Deniz Baykal, Antalya'da sabah sporu yaparken objektiflere yakalandı. Hemen ardından da Recep İvedik esprileri ortalığı sardı. Haberin ayrıntıları ve Baykal'ın İvedik pozları için TIKLAYIN! |
HÜKÜMET TELAŞ İÇİNDE
''Anlaşılıyor ki Türk hükümeti bu işle çok yakından ilgili'' diyen Baykal, ''Ortada bir yolsuzluk var, bırakın incelesinler. Sana ne? Sen niye telaş içindesin? 'Aman aman' diye niye müdahale ediyorsun? Bu müdahalenin altında ne yatıyor? Bir siyasi dayanışma, ortaklık mı söz konusu?

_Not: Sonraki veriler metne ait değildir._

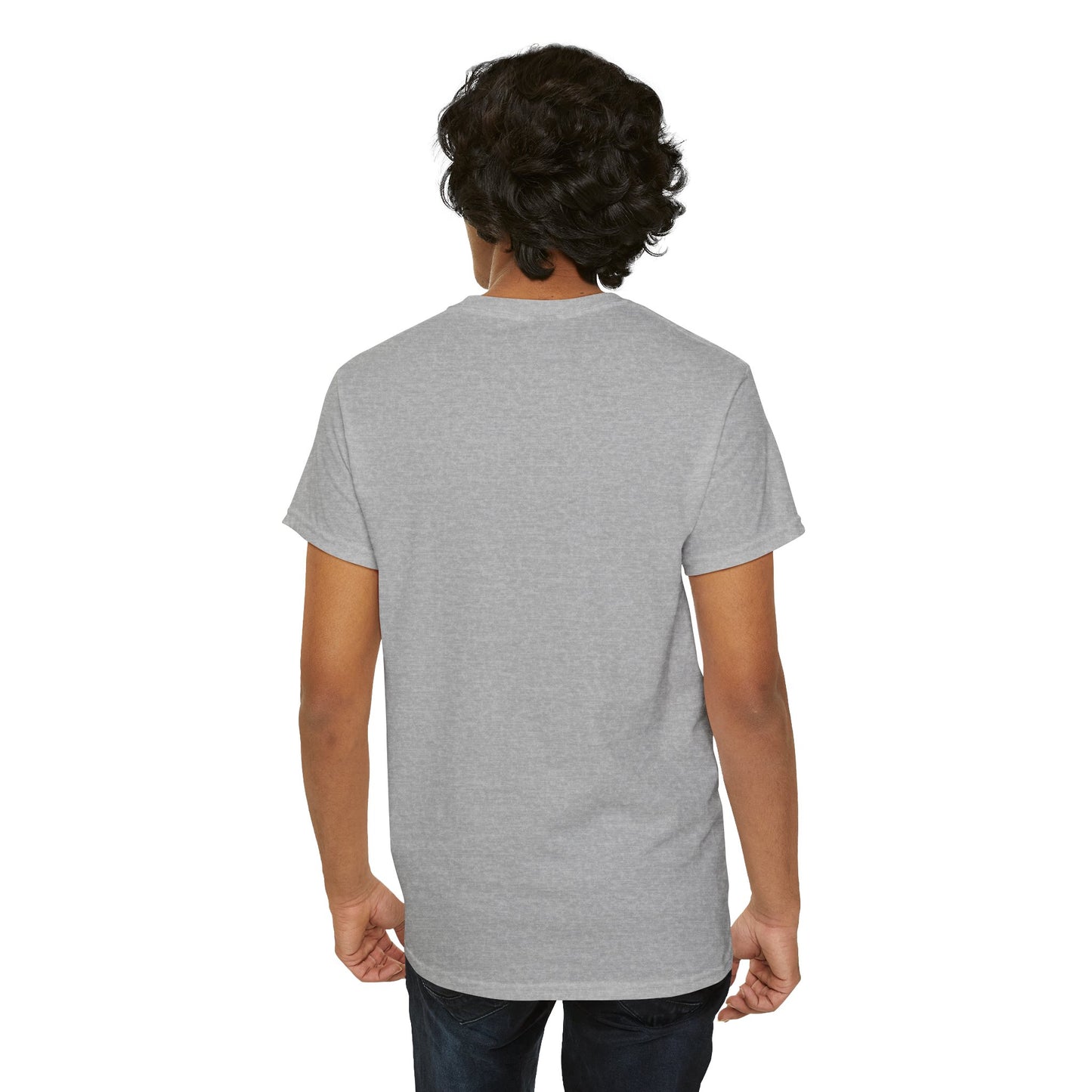 Torta Pounder 私は太った女性が大好きです Unisex Heavy Cotton Tee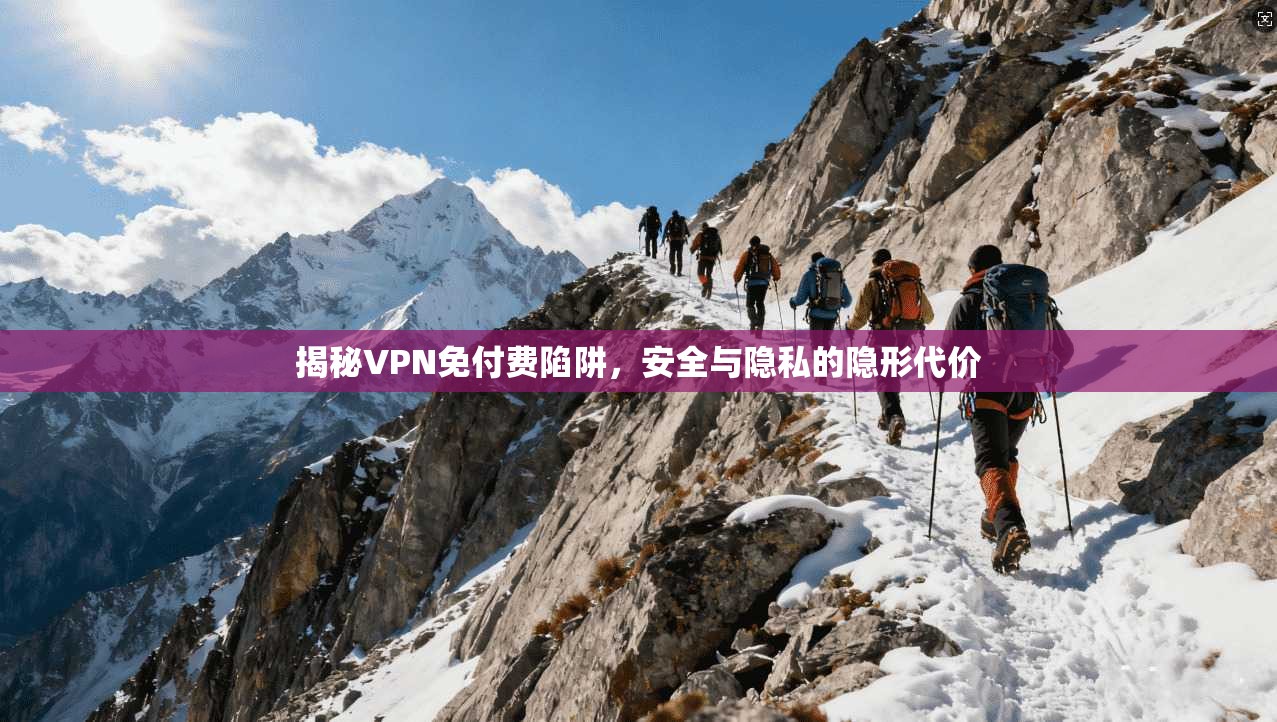 揭秘VPN免付费陷阱，安全与隐私的隐形代价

BAŞBAKANA VERİLMEK ÜZERE PARA TOPLANDI
Alman savcısının iddianamesinde, tutuklu olan iki kişiden birisi diyor ki ifadesinde 'ben Türkiye Başbakanı'na verilmek üzere belli bir meblağı Mehmet Gürhan adındaki kişiye verdim'. Mehmet Gürhan da bunu aldığını tasdik ediyor. Bu, çok önemli dayanak noktasıdır. Bizim yargı makamlarının bu dosyayı derhal ele alıp kendi içimizde araştırmamız gerekir. Mehmet Gürhan verdi mi vermedi mi bilemem. Başbakan'a bu paralar intikal etmiş midir etmemiş midir? Vermiş de olabilir vermemiş de olabilir ama vermiş olsa da vermemiş olsa da Başbakan'ın çevresindeki bir takım insanların Başbakan'a vermek üzere orada para toplandığını kabul etmiş olması olağanüstü önemlidir. Bu toplanan paraların bu amaçlara harcanmış olması, yani bir televizyon kurulmasına ya da başka yolsuzluklara bunun akmış olması, Başbakan'ın 'beni ilgilendirmez' diyemeyeceği bir konudur. Fevkalade önemli bir konudur. Derhal aydınlığa kavuşturulması lazımdır.
YAPRAK KIMILDAMIYOR
Almanya'daki bir savcı, 'Türkiye başbakanına götürmek üzere ben bu
parayı topladım diyor falan kişi, öbürü de ben götürmek için aldım'
diye iddianamesine yazacak. Türkiye'de yaprak kımıldamayacak, kimse
bunu yazmayacak, manşetlerde yer almayacak. Bundan daha önemli bir
olay olabilir mi?
SENİN MARİFETİN DE YOLSUZLUKARA SAHİP ÇIKMAK
Ermenistan ziyaretini eleştirdiği için "Baykal zaten başka işe
yaramaz" dediği Erdoğan'a CHP lideri, "Başkası da der ki senin
marifetin de yolsuzluklara sahip çıkmak. Bunların önemi yok"
cevabını verdi.
İŞSİZLİĞE RAĞMEN ERMENİLER'E HOŞGÖRÜ
GÖSTERİYORUZ
Türkiye'de 65 bin Ermeni vatandaş çalışmakta. Çalışıp paraları
Ermenistan'a gönderiyor. Türkiye'de işsizlik var ama hoşgörü
gösteriyoruz. Ermenistan Türkiye'ye kaba bir husumet gösteriyor.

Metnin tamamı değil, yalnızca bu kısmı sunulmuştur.